TASK
Please transcribe the data below in full, word for word, without the images.

*** Opening DATA TO PROCESS ***

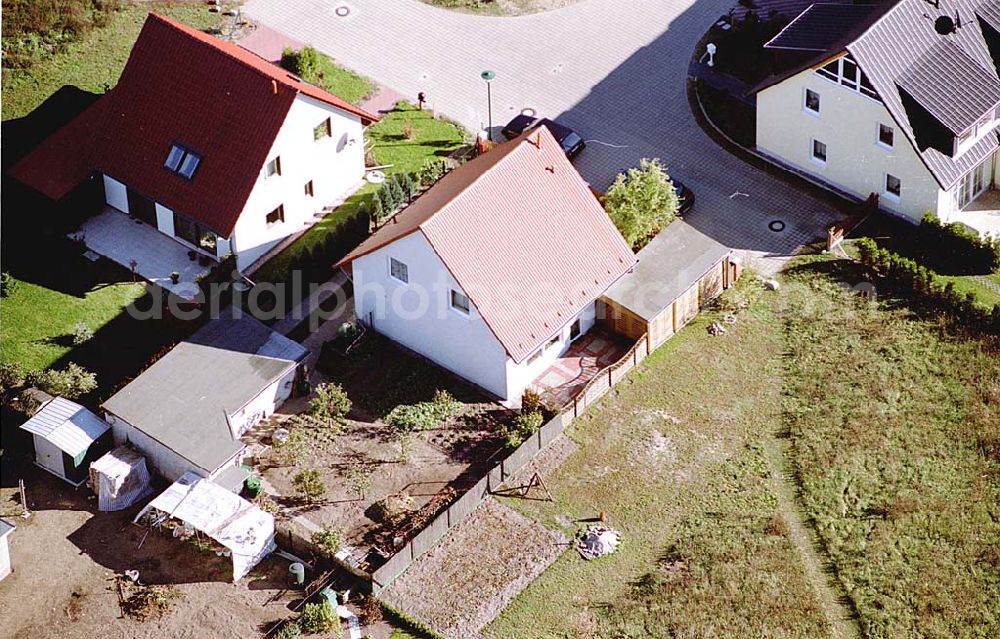 Aerial image Eberswalde-Lichterfelde / Brandenburg - Einfamilienhausneubausiedlung im Stadtteil Lichterfelde von Eberswalde in Brandenburg. (Objekt 36636 in der Bachstraße)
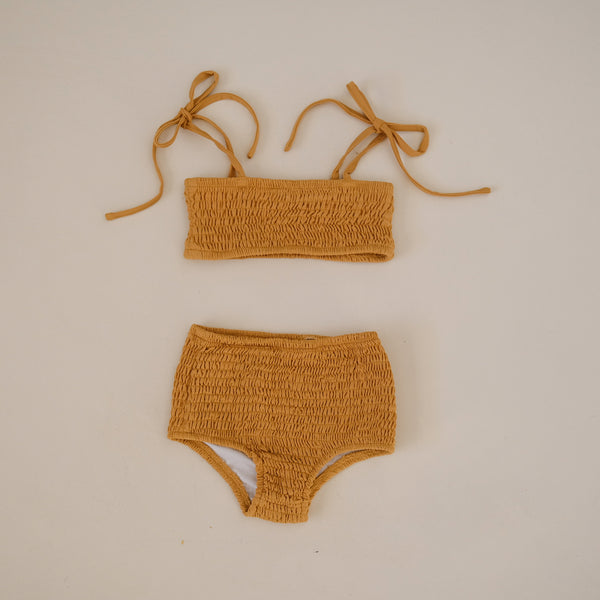 Smocked high waisted bikini set Citrus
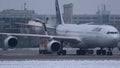 Lufthansa airplane at deice pad, defrosting, Munich Airport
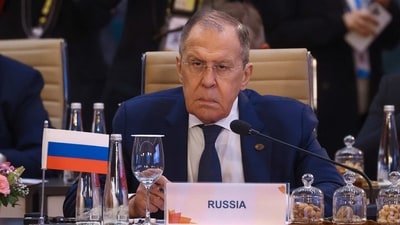 Russian Foreign Minister Sergei Lavrov attends the G20 foreign ministers' meeting in New Delhi, (Reuters)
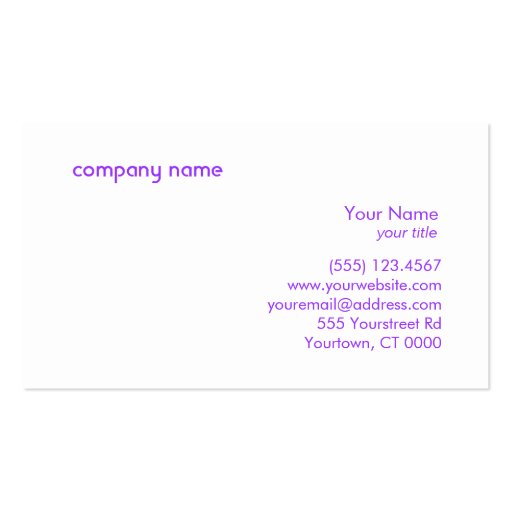 Purple Sparkly Sequins Business Card (back side)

*** Closing DATA TO PROCESS ***

ANSWER FOR THE TASK
 Aerial image Eberswalde-Lichterfelde / Brandenburg - Einfamilienhausneubausiedlung im Stadtteil Lichterfelde von Eberswalde in Brandenburg. (Objekt 36636 in der Bachstraße)
 Smocked high waisted bikini set Citrus
 Lufthansa airplane at deice pad, defrosting, Munich Airport
 Russian Foreign Minister Sergei Lavrov attends the G20 foreign ministers' meeting in New Delhi, (Reuters)
 Purple Sparkly Sequins Business Card (back side)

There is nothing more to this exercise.